- PROBLEM TO WORK ON:
Transcribe, starting at the line with "登錄號:KH2002.020.0003藏品圖，第2張" and ending at the line with "Dolse & Gabana 6207 Sunglasses", every line of the material below exactly, but leave out the pictures and anything outside that span.

- DATASET ENTRIES:
* * *

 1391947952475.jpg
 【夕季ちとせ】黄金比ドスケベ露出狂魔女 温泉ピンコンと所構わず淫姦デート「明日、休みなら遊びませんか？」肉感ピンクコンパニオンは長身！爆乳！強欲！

* * *

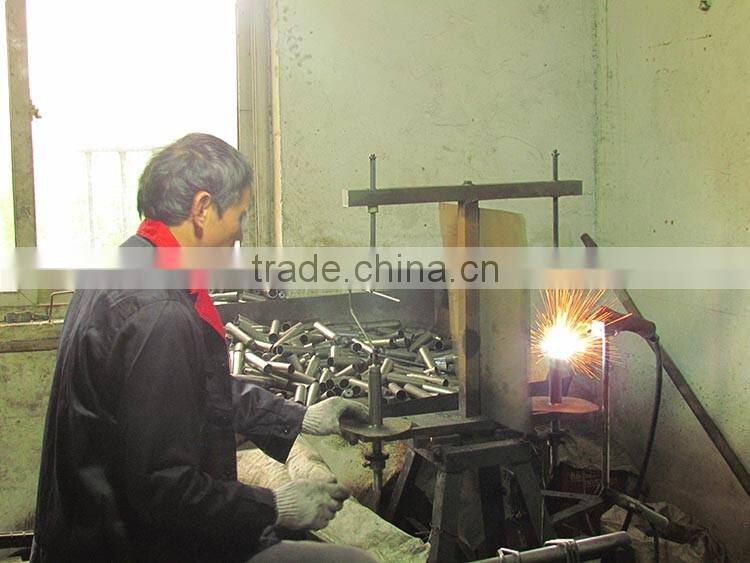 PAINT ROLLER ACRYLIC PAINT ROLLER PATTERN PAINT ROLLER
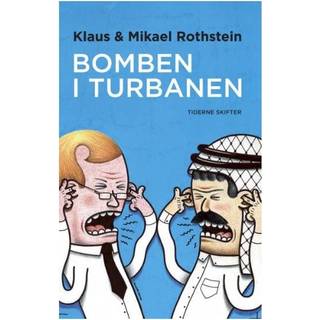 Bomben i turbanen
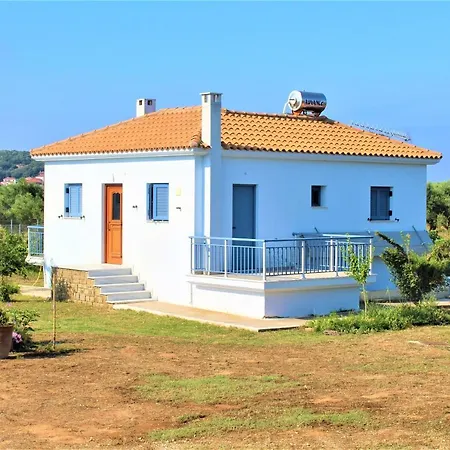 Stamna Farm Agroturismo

* * *

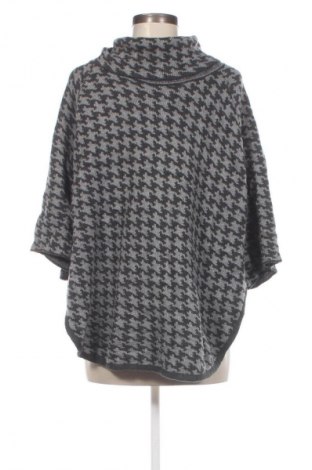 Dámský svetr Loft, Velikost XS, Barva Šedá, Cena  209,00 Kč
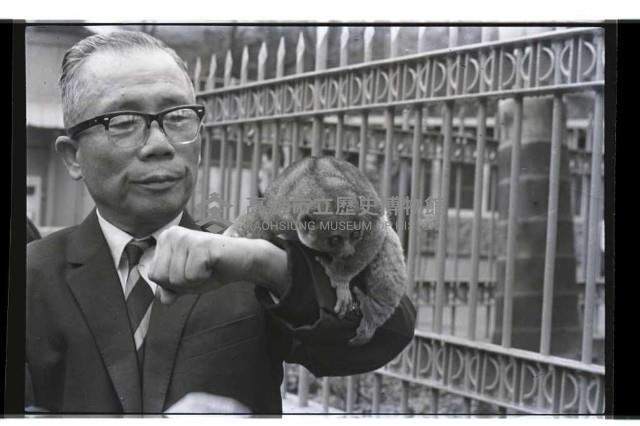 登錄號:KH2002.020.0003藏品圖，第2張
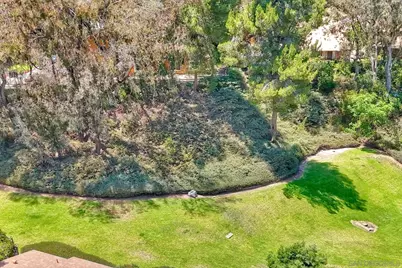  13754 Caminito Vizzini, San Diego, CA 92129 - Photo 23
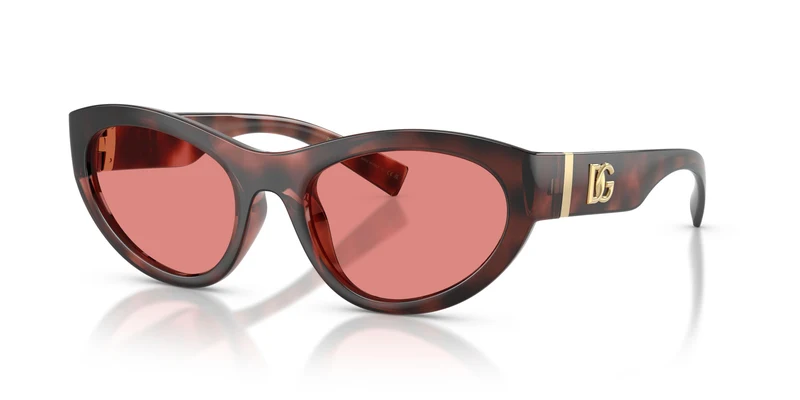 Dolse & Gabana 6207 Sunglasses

* * *

- EXERCISE RESULT:
 登錄號:KH2002.020.0003藏品圖，第2張
  13754 Caminito Vizzini, San Diego, CA 92129 - Photo 23
 Dolse & Gabana 6207 Sunglasses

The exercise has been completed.